Sumário: I) Para efeitos do previsto na alínea a), do n.º 1, do artigo 249.º do CIRE, a qualidade de sócio e gerente de uma sociedade não equivale à titularidade de exploração de empresa.
II) A apresentação do plano de pagamentos determina a suspensão do processo de insolvência em que tal plano foi apresentado e de outro processo de insolvência que esteja pendente contra os mesmos devedores.
Decisão Texto Integral:

 

            Acordam no Tribunal da Relação de Coimbra

“A..., Lda, requereu, em 23 de Janeiro de 2021, a insolvência de AA e mulher BB, já todos identificados nos autos, correndo para tal no Juízo de Comércio ..., os autos com o n.º 362/21.....

Os requeridos foram citados em 02 de Fevereiro de 2021, tendo deduzido oposição.

Os ali requeridos, AA e mulher BB, em 23 de Fevereiro de 2021, intentaram PEAP, no Tribunal recorrido, que foi distribuído com o n.º 737/21...., na sequência do que foi nomeado AJP, publicitada em 26 de Fevereiro de 2021.

Após o que no processo de insolvência acima identificado, foi proferido despacho a suspender a respectiva instância, nos termos do disposto no artigo 222.º-E, n.º 1, do CIRE.

Por sentença proferida em 20 de Agosto de 2021, já transitada, no âmbito do PEAP, foi recusada a homologação do acordo de pagamento apresentado, na sequência do que o AJP, em 08 de Setembro de 2021, juntou aos autos o Parecer a que se alude no artigo 222.º-G, n.º 4, do CIRE.

Os requerentes do PEAP, ao abrigo do disposto no artigo 222.º-G, n.º 5, do CIRE, juntaram um plano de pagamentos, o que deu origem a que os autos de PEAP tenham sido remetidos à distribuição, como Processo de Insolvência Singular, com o n.º 5360/21.... (de onde provém o presente Apenso), solicitando a admissão do plano de pagamentos, ficando, ao abrigo do disposto no artigo 255.º do CIRE suspensa a declaração de insolvência, até que seja decidido o incidente de apresentação do plano de pagamentos ou, não sendo aprovado, sejam os mesmos declarados insolventes.

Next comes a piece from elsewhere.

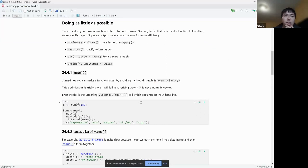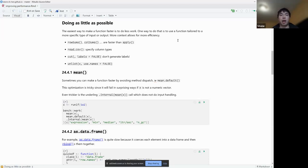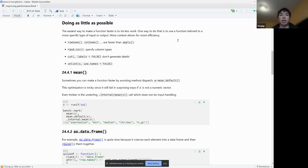In the next section he talks about doing as little as possible. The easiest way to make a function faster is to do less work - one way is to use a function tailored to the specific type of input or output. If you can make stronger assumptions about your data, you can use more efficient functions. For example, rowSums and colSums are faster than running apply(sum) over a matrix. read.csv is faster if you specify the column type. Two I've actually used are cut and unlist - if you set labels and names to FALSE it's quite a bit faster. In cut especially, it's extremely slow if you use labels.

A credora A..., L.da., veio requerer seja decretada a suspensão dos autos de insolvência instaurados em segundo lugar (os presentes) até que sejam decididos os autos de insolvência que intentou, por anteriores aos presentes, cf. artigo 8.º, n.º 2, do CIRE.

Respondendo, os requerentes vieram defender que os autos de insolvência têm de continuar suspensos até que se decida a admissão do acordo de pagamentos, que tem de ser apreciada nestes autos.

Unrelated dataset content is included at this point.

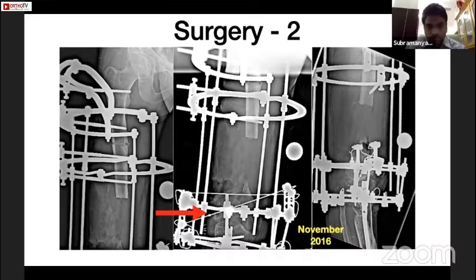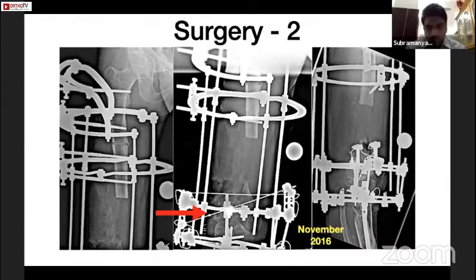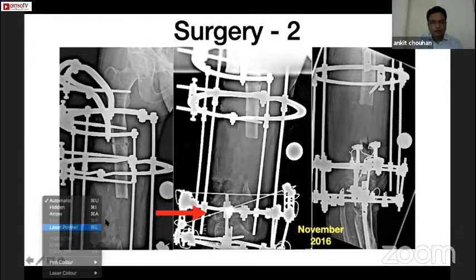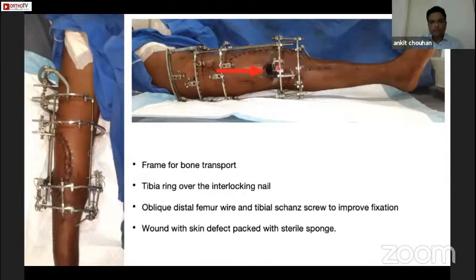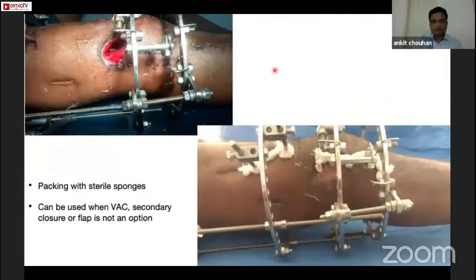So a bone transport frame was applied. I would like to point out the use of oblique wires, which can be used in places where bone stock is low or bone is osteoporotic — these oblique half-pin screws give a very good hold in such cases. The immediate post-op picture shows the frame for bone transport with the proximal tibia ring applied over the nail. I would also like to point out the use of sponges when dealing with skin defects. These skin defects can be packed with sponges which allows healthy granulation to form and can be used in cases where flap or skin grafting is not possible. With regular dressing, the wound healed by secondary intention.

Conforme requerimento de fl.s 15 a 19, a credora A..., L.da., veio reiterar seja decretada a suspensão da instância nos presentes autos, por ser posterior ao por si instaurado.

Ao mesmo tempo, pugna pela inadmissibilidade do acordo de pagamentos, com o fundamento em que não se verificam os requisitos para tal, como previsto no artigo 249.º, do CIRE, porquanto o devedor AA é sócio-gerente da sociedade “C..., Lda.” e porque o passivo apresentado ascende a quase meio milhão de euros, pelo que não se verificam os requisitos previstos no n.º 1, alínea a) e 2, alínea b), iii), do ora citado artigo 249.º

Conclusos os autos à M.ma Juiz a quo, a mesma, cf. despacho de fl.s 98 a 102 v.º, (aqui recorrido) não admitiu a apresentação do plano de pagamentos, por não se mostrarem preenchidos os requisitos previstos na al. a), do n.º 1 e al. b), iii, do artigo 249.º do CIRE e porque a presente instância foi instaurada em data posterior à dos autos que correm termos no Tribunal recorrido, sob o n.º 362/21...., ao abrigo do disposto no artigo 8.º, n.º 2, do CIRE, determinou a suspensão da instância nos presentes autos, até ao indeferimento daquela ou até ao trânsito em julgado da sentença de insolvência que viesse a ser decretada, cf. artigo 8.º, n.os 2 a 4, do CIRE.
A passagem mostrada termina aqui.